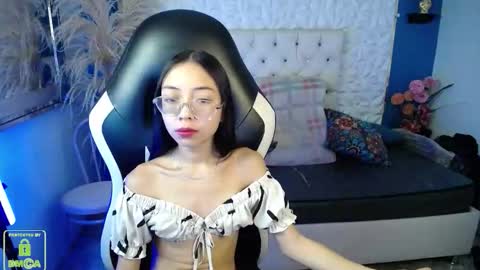 Snapshot of nathaliasweet_1_ chatting on 01/07/26, 01:24 nathaliasweet_1_ online show from 01/07/26, 01:24
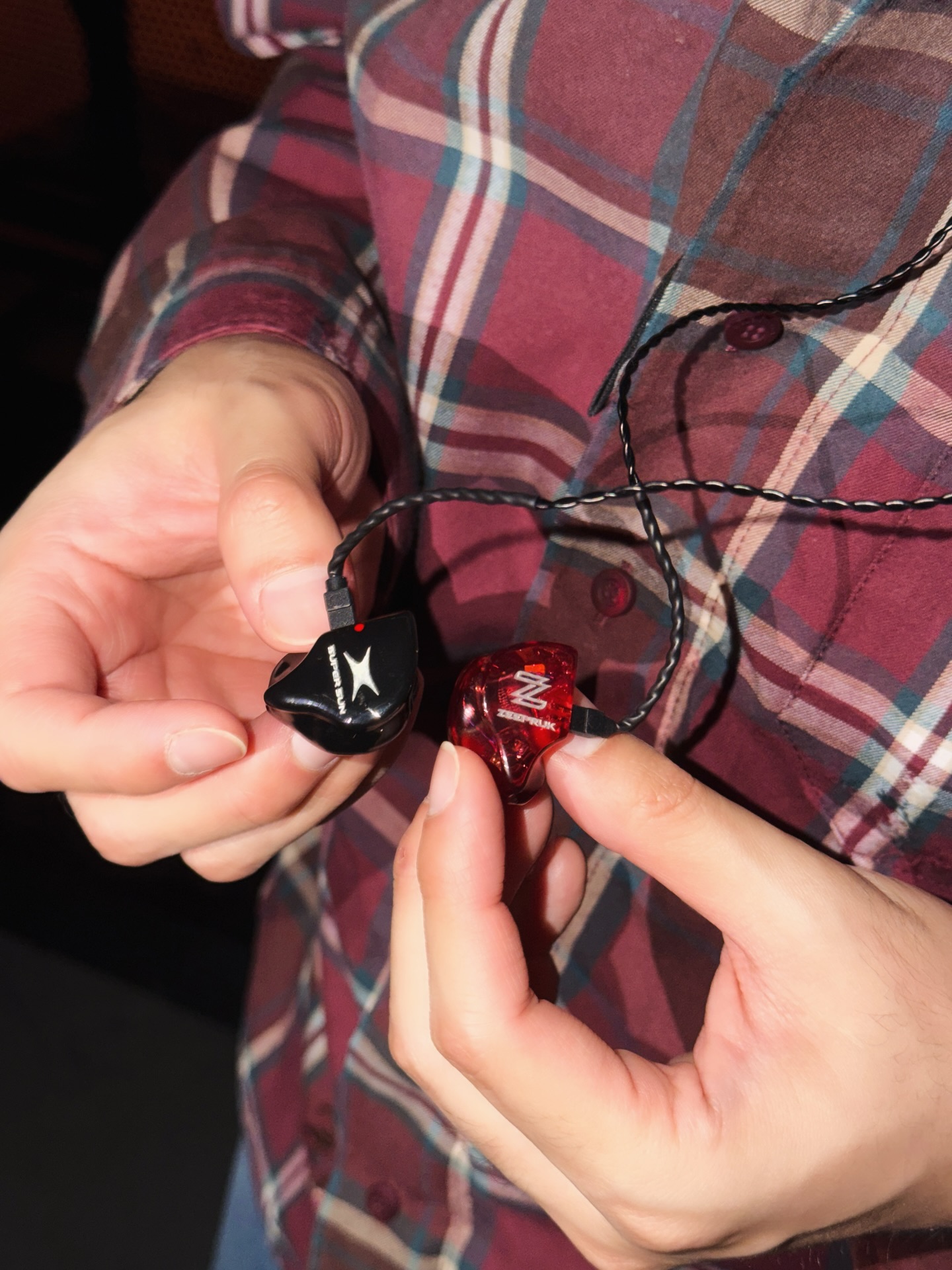 ซี - พฤกษ์ พานิช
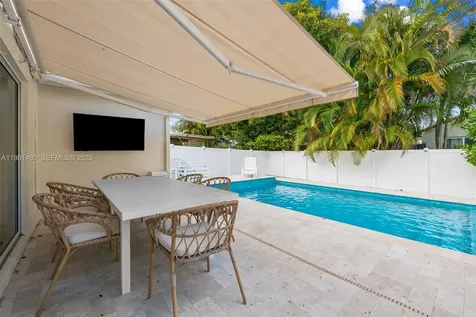 334 SW 194th Avenue Pembroke Pines FL 33029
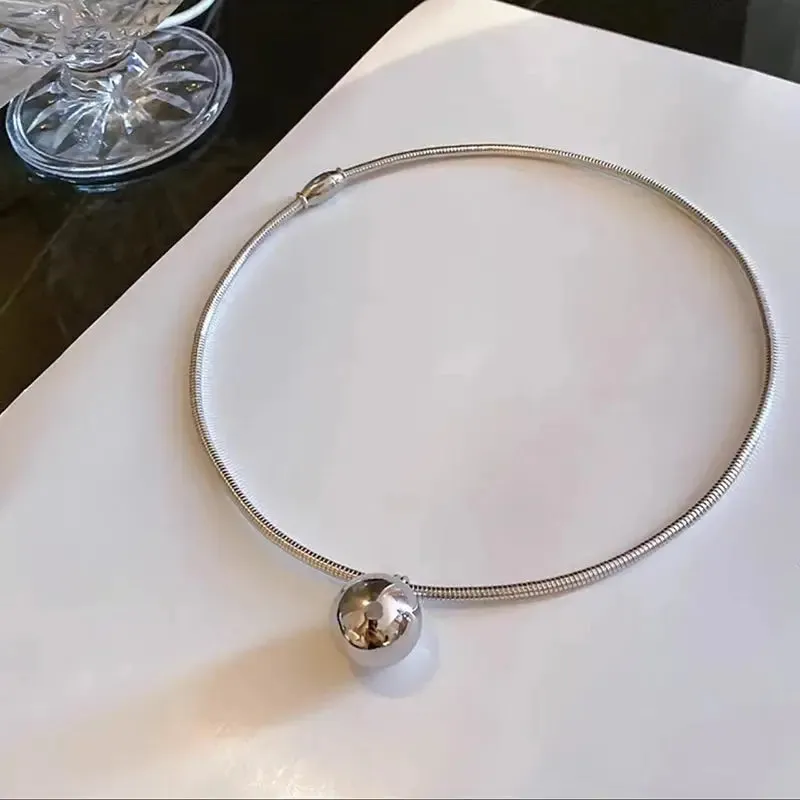 Minimalist Gold Herringbone Chain Necklace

Problem
Look for the line that contains "ซี - พฤกษ์ พานิช", then please copy it and the rest of the lines through the end of the data, pictures excluded.

Your response
 ซี - พฤกษ์ พานิช
 334 SW 194th Avenue Pembroke Pines FL 33029
 Minimalist Gold Herringbone Chain Necklace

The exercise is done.